World Juniors: Debutants Make a Mark

World Juniors: Debutants Make a Mark

Trinidad & Tobago, playing their first BWF World Junior Mixed Team Championships, notched their first win in Nanchang despite missing their women’s doubles players.

The Caribbeans, whose women’s doubles players stayed home due to health reasons, have been able to field only three players in all their ties – Vishal Ramsubhag, Jace Smith and Samiya Karim. After finishing last in their group and now competing for positions 33-40, they held off Mongolia in a tense finish in women’s singles, 110-106.

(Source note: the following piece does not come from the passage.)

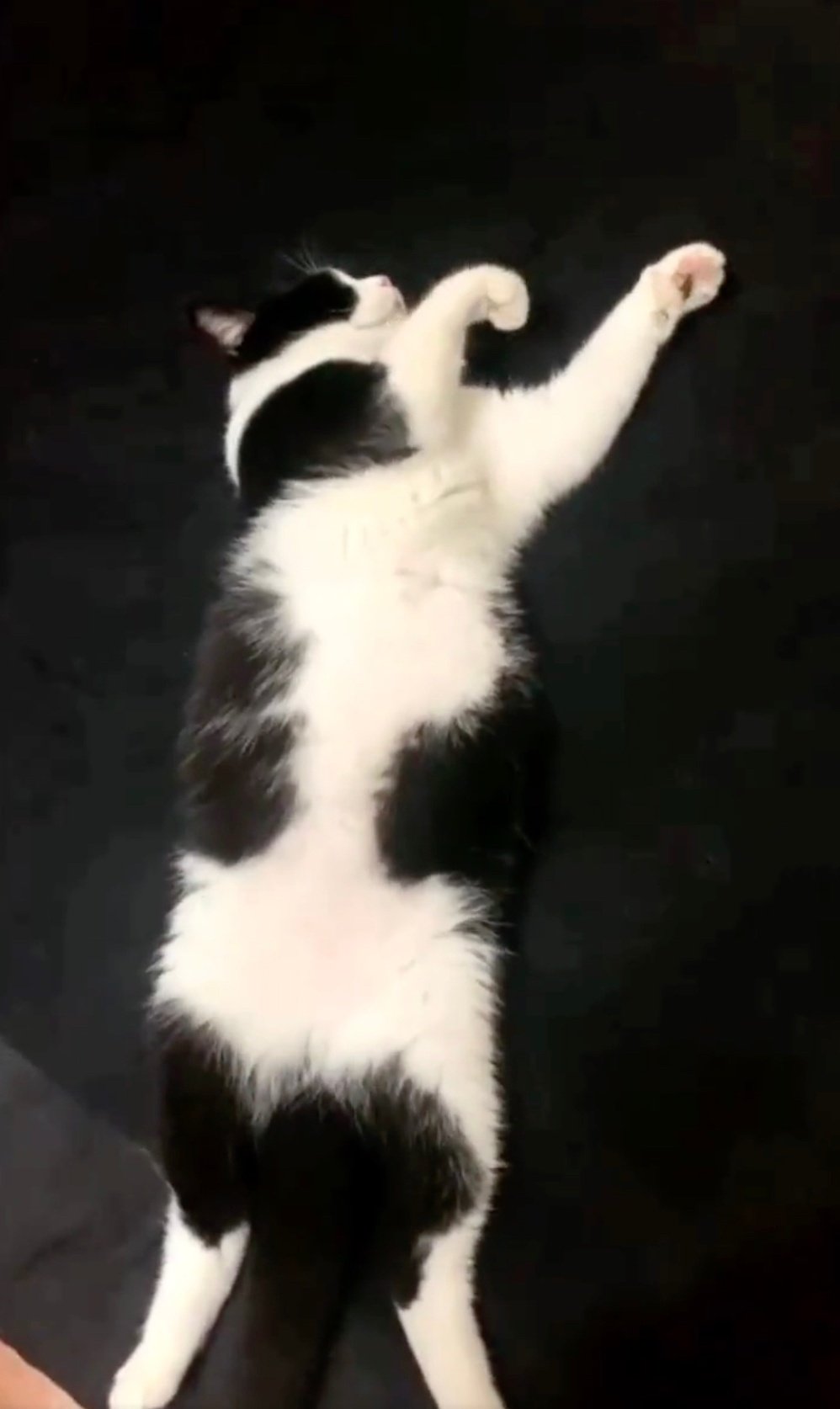 まるで猫のバイオリン弾き！寝ている間に手が動いてしまう猫の仕草が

Samiya Karim took Trinidad & Tobago to victory in the final match

“It means a lot. It’s our first time and we’re happy we could at least have a win over Mongolia,” said Smith.

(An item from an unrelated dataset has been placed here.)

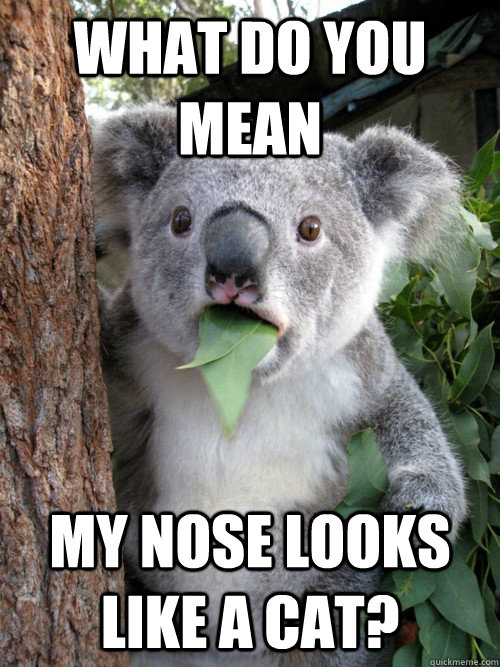what do you mean my nose looks like a cat?  Surprised Koala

Mongolia led for the most part, and by the seventh match, were up 66-50. Ramsubhag and Smith in the second men’s doubles kept the Caribbeans in the hunt, as they narrowed the deficit to just four. When it went to the final match between Saniya Karim and Mongolia’s Tselmeg-Od Enkhlen, Trinidad & Tobago were up by 11 points.

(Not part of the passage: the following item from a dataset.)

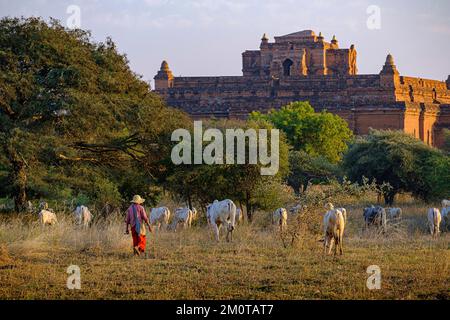 Burma, Myanmar, Bagan, temple and in shepherd with their flock Stock Photo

Enkhlen threatened to take the tie Mongolia’s way, but Karim just about helped her team breast the tape at 110-106.

“I’m still nervous. I still can’t believe we won the tie,” said Karim. “It’s our first time at the World Juniors and it’s an unreal experience. I was shaking. I was telling myself to keep going, that it’s just a few points.”

“Of course we believed,” said Ramsubhag. “We never lost faith. It was frightful, though. We’ve made a mark – that was the goal. (For the future) we will keep going harder and harder, until we beat Denmark!”

New Zealand Win Thriller

New Zealand do the haka at the team cheering session before the day’s competition

New Zealand won by the closest margin possible in the relay scoring system, beating Netherlands 110-109 in the tie for positions 17-24.

Oddly enough, Netherlands won every match but the final one. When the penultimate match ended, Netherlands led 99-94, with just the second men’s doubles to go.

Raphael Chris Deloy and Lezhi Zhu turned the script around, fighting off an early deficit and shooting ahead at the final stretch to complete the memorable win for New Zealand.

“We just kept telling ourselves to never give up,” said Zhu. “To beat Netherlands, it means a lot.”